• [Data section]:
····················

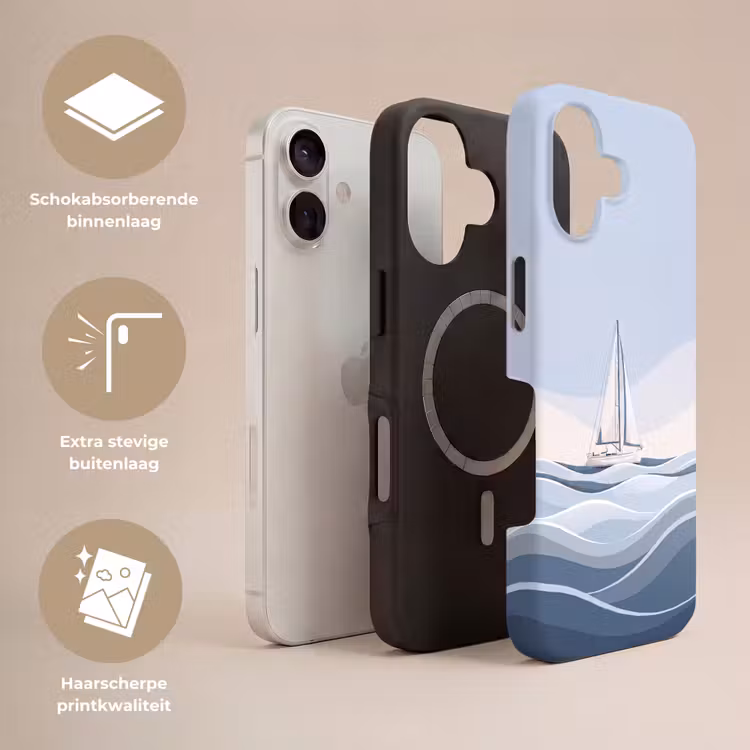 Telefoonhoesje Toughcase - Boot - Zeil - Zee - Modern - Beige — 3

····················

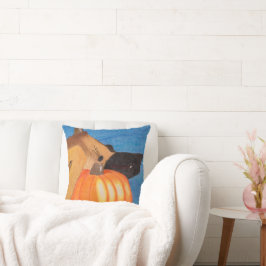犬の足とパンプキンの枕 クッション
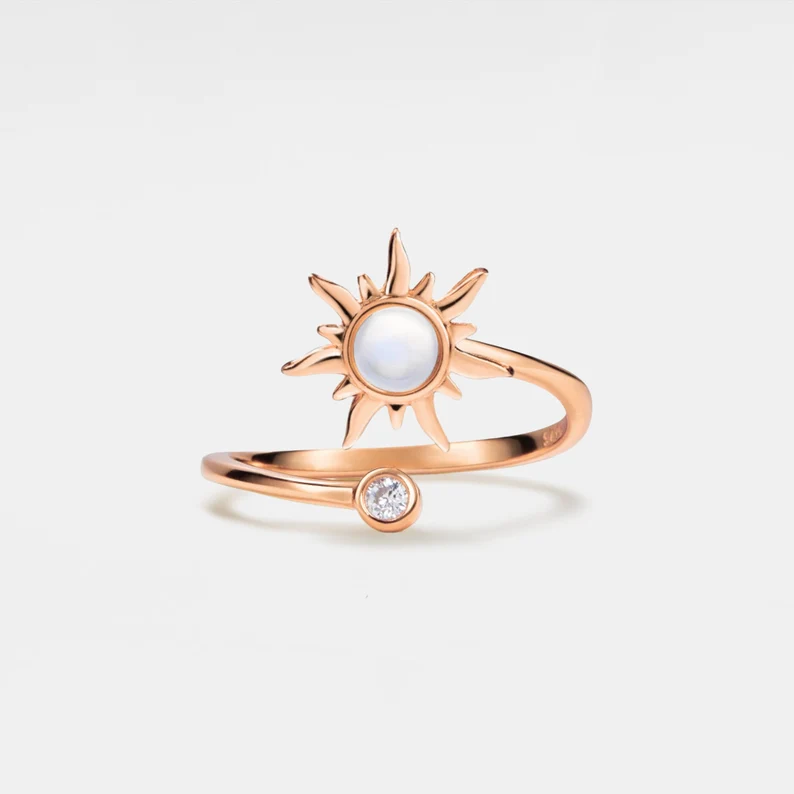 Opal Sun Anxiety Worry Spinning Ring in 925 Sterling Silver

····················

Word for word, retype the lines in the entries above that run from the one with "犬の足とパンプキンの枕 クッション" through the one with "Opal Sun Anxiety". Both ends count; pictures do not.

• [Exercise answer]:
犬の足とパンプキンの枕 クッション
 Opal Sun Anxiety Worry Spinning Ring in 925 Sterling Silver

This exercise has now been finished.